RNTuple fields have unexpected 4 bytes when recent master ROOT version is used
Version and files:
- uproot version: 5.3.12
- ROOT versions to create RNTuple files: ROOT_632 (6.32) and ROOT_6_x (recent master version).
- File to reproduce the issue needs to be created with ROOT RNTuple converter. Instructions to create such file are in this gist: https://gist.github.com/davidlange6/604f60f8a684b16538f4042bc96a8f18
Issue summary:
After creating RNTuple files with ROOT converter, we tried to read RNTuple files with uproot. When using ROOT_632 version, uproot could successfully read all arrays. However, when using ROOT_6_X converter, uproot could not read the file.
Issue analysis:
After trying to access keys() or RNTuple file, and error occured:
File ~/uproot5/src/uproot/source/chunk.py:452, in Chunk.get(self, start, stop, cursor, context)
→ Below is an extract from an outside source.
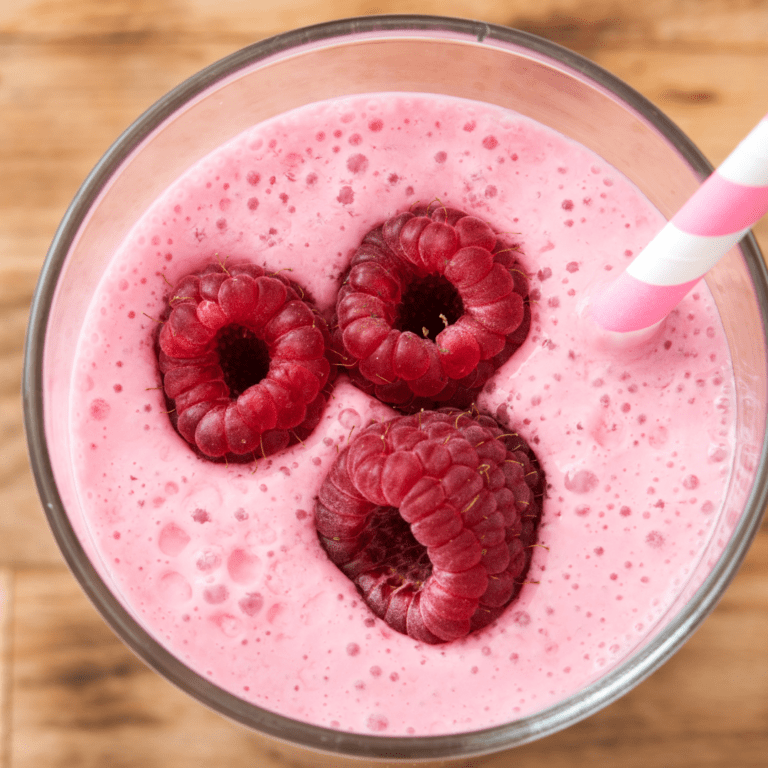 smoothies for toddlers; raspberry and Greek yogurt smoothie recipe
449 return self._raw_data[local_start:local_stop]
451 else:
--> 452 raise uproot.deserialization.DeserializationError(
453 f"""attempting to get bytes {start}:{stop}
454 outside expected range {self._start}:{self._stop} for this Chunk""",
455 self,
456 cursor.copy(),
457 context,
458 self._source.file_path,
459 )
DeserializationError: attempting to get bytes 64473:1330838489
outside expected range 0:144472 for this Chunk
in file /home/cms-jovyan/my_root_files/rntuple_v7_6_0909.root
Following the trace-back, I analyzed memory differences near 64473 byte for ROOT_632 and ROOT_6_X files. Analysis results showed that files had different structure. Difference is shown in the picture below:
In this example, there is a moment when uproot expect to find the length of field name string ([17 0 0 0] for CorrT1METJet_area), but finds some unexpected value [69 2 0 0] and registers it as next string len instead. This break all cursor readings afterwards.
Conclusion:
Based on these results, I assume that recent ROOT_6_X version had an updated RNTuple file structure format with additional 4 bytes. Field has ROOT::VecOps::RVec
Thank you, @giedrius2020! This is fixed by #1250. I'm still working on the PR, but maybe you could use that branch in the meantime.